## Task statement
Transcribe word for word each line from the one containing "Absolute Decor Crushed" to the final line of the data, both included. Skip the pictures.

## Raw data
★ ★ ★ ★ ★

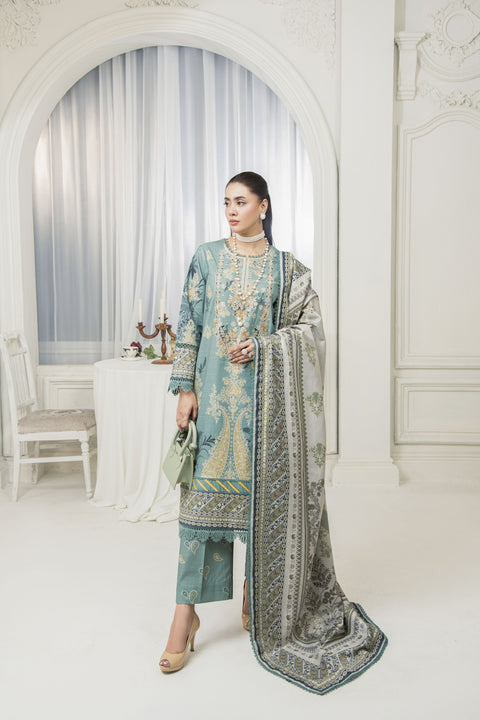 Ice Blue  Embroidered 3pc Khaddar Winter Suit SKK3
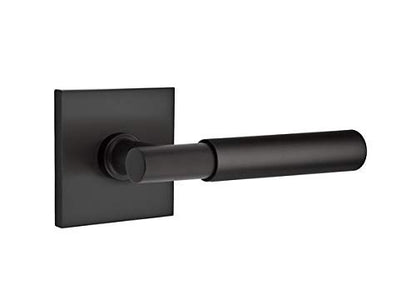 EMTEK 5110MYLRHUS19 Square Rosette Passage Myles Lever Right Handing Flat Black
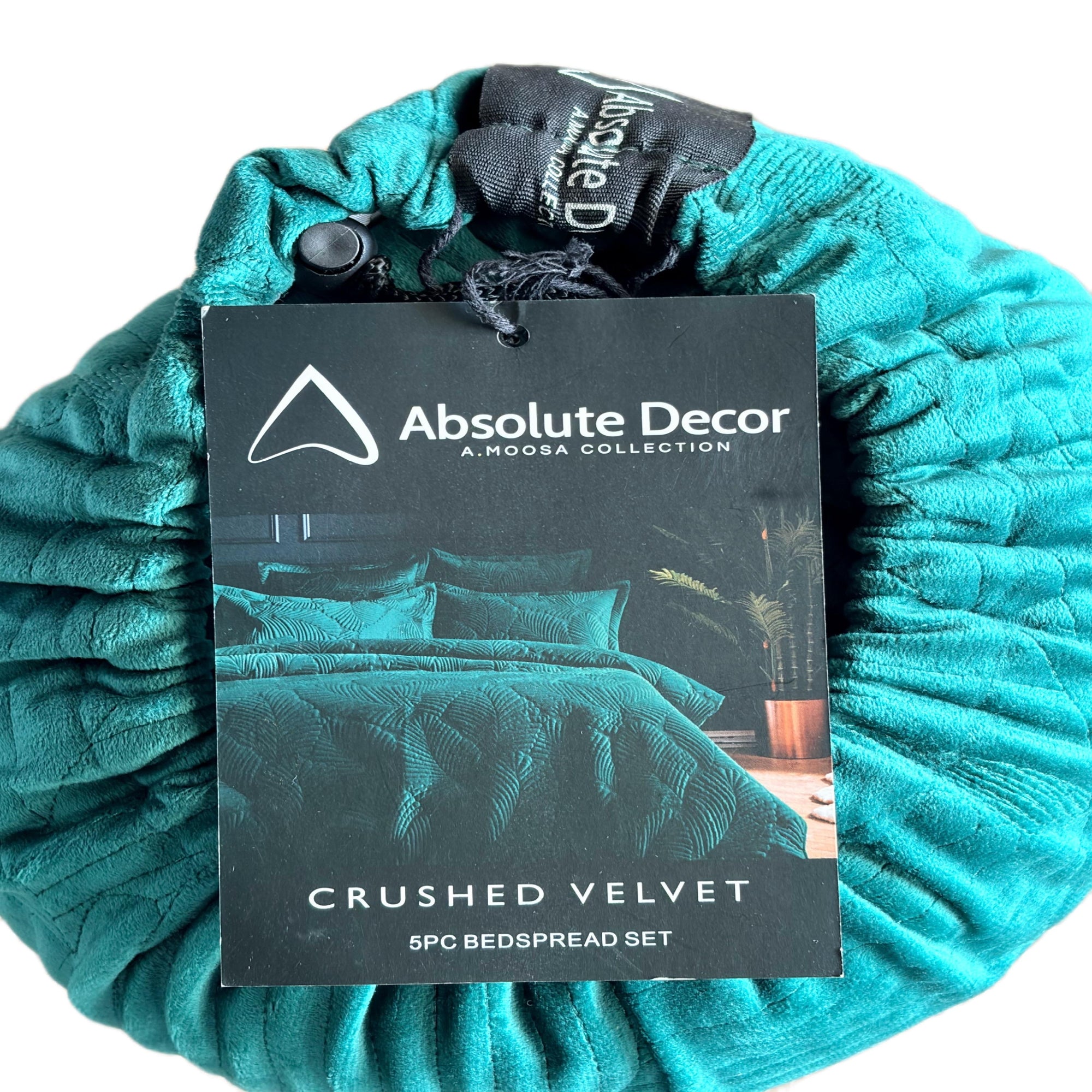 Absolute Decor Crushed Velvet 5pc Bedspread set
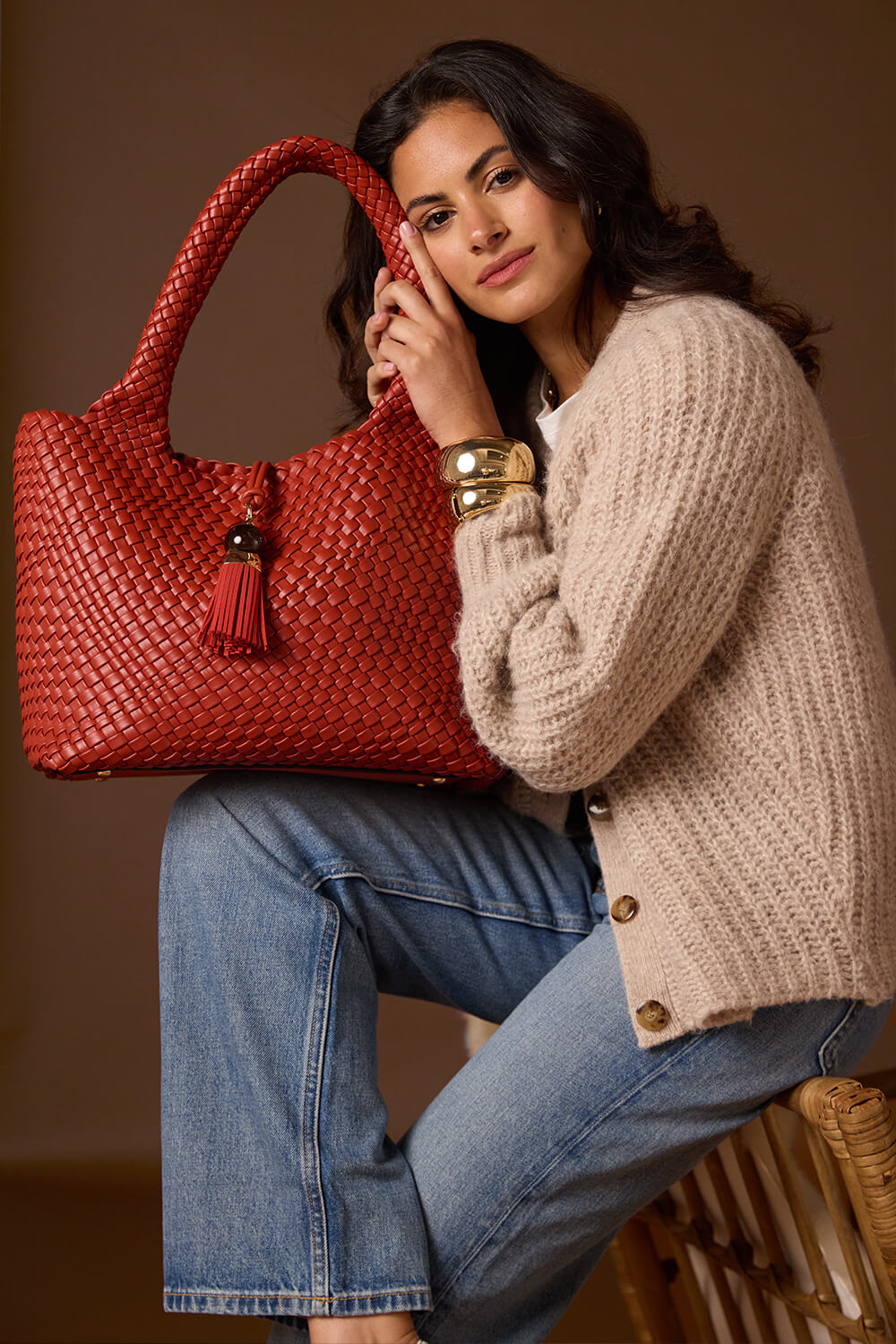 Saskia Tomato Red Woven Tote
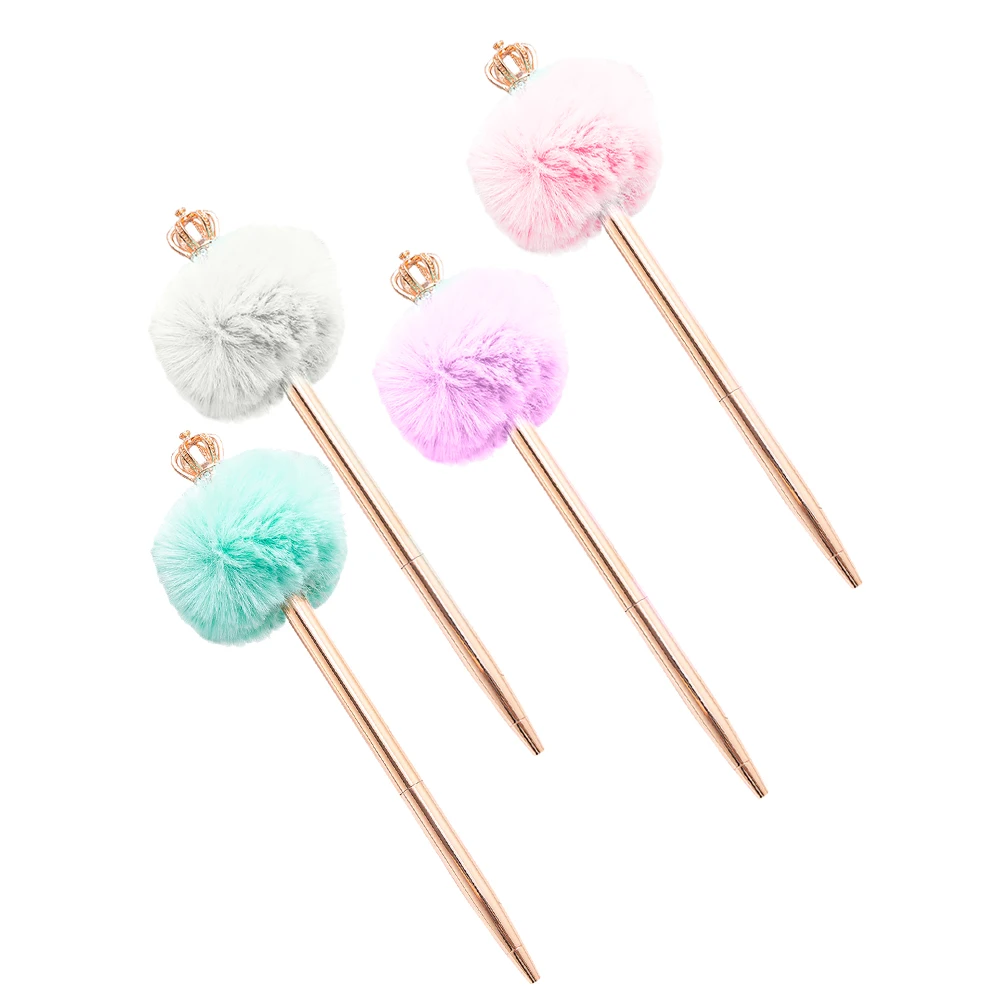 4Pcs Crown Hair Ball Pen Crown Plush Balls Ballpoint Pens Pompom Ballpoint Pens Guest Signing Pen Kawaii Girl Student Stationery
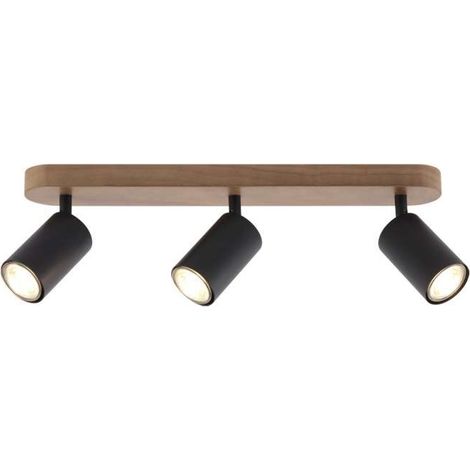 Plafón 3 luces Pireo acabado negro, 15cm(alto) 45cm(ancho) 7cm(largo) (1/2)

★ ★ ★ ★ ★

## Solution
 Absolute Decor Crushed Velvet 5pc Bedspread set
 Saskia Tomato Red Woven Tote
 4Pcs Crown Hair Ball Pen Crown Plush Balls Ballpoint Pens Pompom Ballpoint Pens Guest Signing Pen Kawaii Girl Student Stationery
 Plafón 3 luces Pireo acabado negro, 15cm(alto) 45cm(ancho) 7cm(largo) (1/2)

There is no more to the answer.